Bishop Puts Conservation Plans in Limbo

Controversy swirls around House Natural Resources Chair Rob Bishop’s decision to allow the Land and Water Conservation Fund to expire, owing to concerns it had strayed from its original purpose.

Reports The Wall Street Journal:

A spokeswoman for Mr. Bishop said he is working on legislation that would restructure the fund so most of the money goes to local communities instead of the federal government.

 

“Right now, it’s being used as a slush fund to acquire more federal land and helping corporate foundations get rich,” said the spokeswoman, Julia Slingsby.

 

Other critics say many private homes have been condemned in order to add land to adjoining national preserves, as happened at the Indiana Dunes National Lakeshore several decades ago, according to Chuck Cushman, executive director of the American Land Rights Association, a landowner-rights group in Battle Ground, Wash.

 

Conservation projects at risk of losing funding include a plan to acquire land within Hawaii Volcanoes National Park, where a property owner has proposed building a resort if federal money doesn’t come through to buy it.

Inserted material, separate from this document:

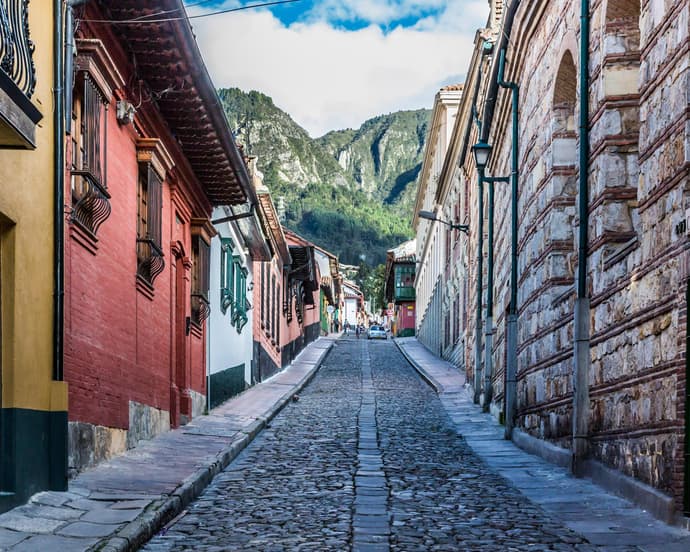 COLOMBIA A TU ALCANCE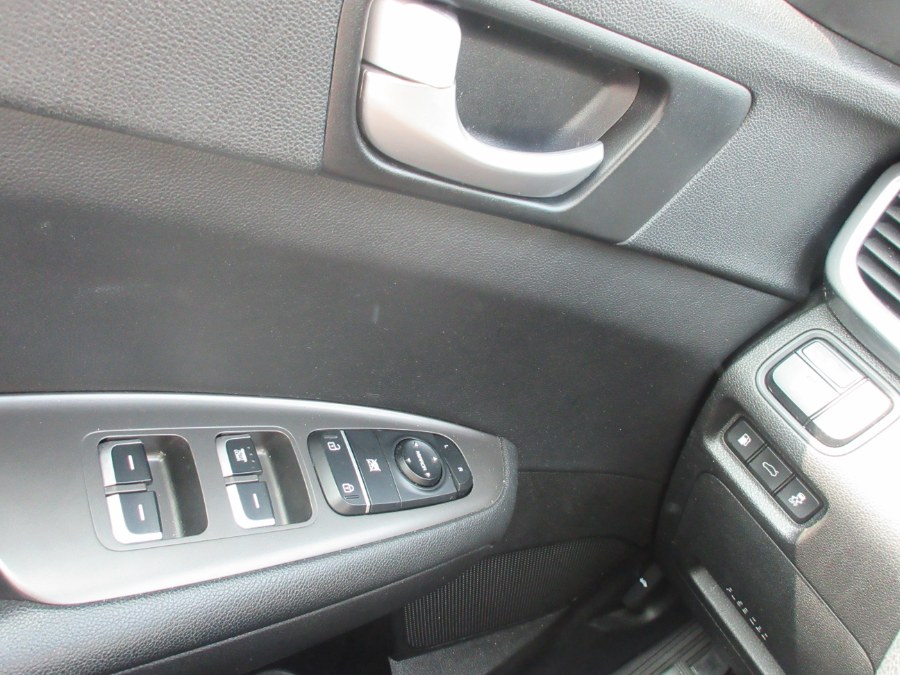 2019 Kia Optima LX Auto, available for sale in Linden, New Jersey | Route 27 Auto Mall. Linden, New Jersey 2019 Kia Optima LX Auto, available for sale in Linden, New Jersey | Route 27 Auto Mall. Linden, New Jersey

The Obama administration had included $6 million in conservation fund money to acquire the land in its fiscal 2016 budget request.

 

The National Park Service had also hoped to use $285,000 from the fund to help acquire private property within Pennsylvania’s Gettysburg National Military Park, which contains the ruins of McAllister’s Mill—part of the Underground Railroad which 19th-century slaves used to escape to freedom.

 

Among the fund’s supporters in Mr. Bishop’s home district is Ogden Mayor Mike Caldwell, who in 2011 initiated talks to buy the Waterfall Canyon Trail property from owner Chris Peterson. His motivation: Utah’s population of three million is projected to nearly double by 2050, and public spaces will be at a premium.